Oriente Próximo se ha convertido en un polvorín que está a punto
de estallar. A las sangrientas actuaciones de los terroristas
suicidas han seguido las acciones de un Ejército israelí empeñado
en alejar de la zona a cualquier testigo que pueda dar fe de cuanto
en la franja de Cisjordania está sucediendo y, muy especialmente,
en Ramala y el cuartel general de Yaser Arafat. El aislamiento de
éste y el empecinamiento del primer ministro hebreo, Ariel Sharon,
han conducido a que los países árabes más moderados estén pensando
en retirar la propuesta de paz saudí e incluso alguno de ellos en
retirar su representación diplomática.
Todo el mundo está pendiente de lo que pueda hacer EE UU, el
principal valedor de Israel, pero por el momento, sólo se ha
limitado a conminar a Arafat a que detenga la oleada de atentados.

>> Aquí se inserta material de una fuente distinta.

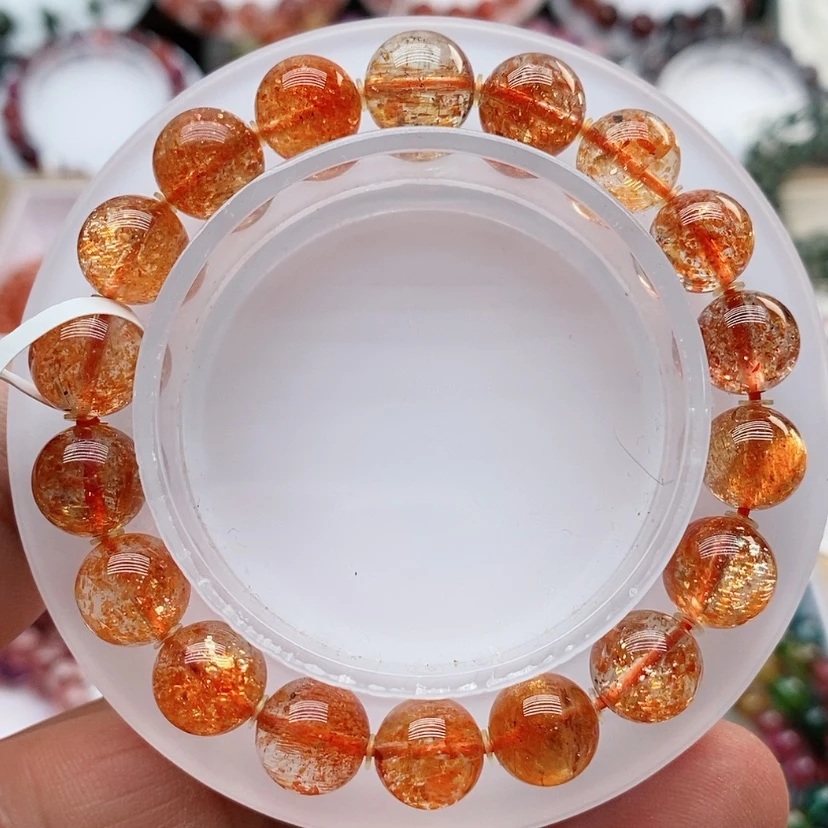 【闪购商品】手串未镶嵌日光石纯天然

Curiosa petición, cuando el líder palestino se encuentra
acorralado, sin agua, sin energía eléctrica y con un más que
probable corte inminente de las líneas telefónicas.

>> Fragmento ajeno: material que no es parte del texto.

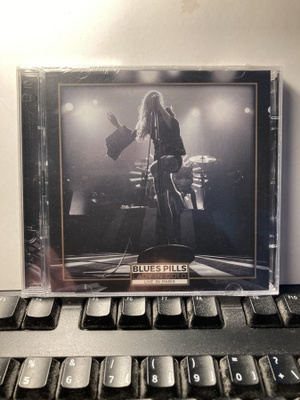 BLUES PILLS: Lady In Gold, Live In Paris, CD x 2, muoveissa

De seguir por este camino, existe el riesgo de que el conflicto
de Oriente Medio se extienda y eso hay que evitarlo a toda costa.

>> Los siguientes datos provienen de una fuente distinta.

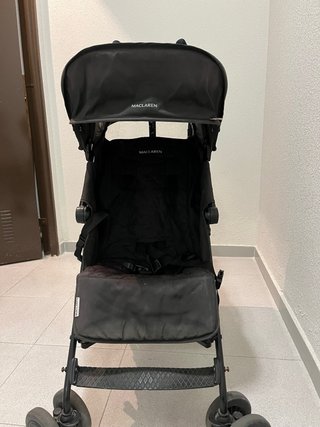 Silla de paseo Maclaren Quest Negra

Por el momento, los moderados del Gobierno de Tel Aviv, con Simon
Peres a la cabeza, chocan frontalmente con el primer ministro, que,
a lo largo de su mandato, ha hecho gala de su escasa capacidad para
la negociación y de un deseo más que evidente de enfrentarse de
forma abierta con Arafat, al que desde el principio ha considerado
su enemigo.
Mal pintan las cosas si no se da una mediación internacional
eficaz, pero para ello es preciso que George Bush se implique a
fondo para conseguir sentar de nuevo en una mesa de diálogo a
judíos y palestinos. No actuar en este sentido sería dar carta
blanca a una guerra que hay que detener.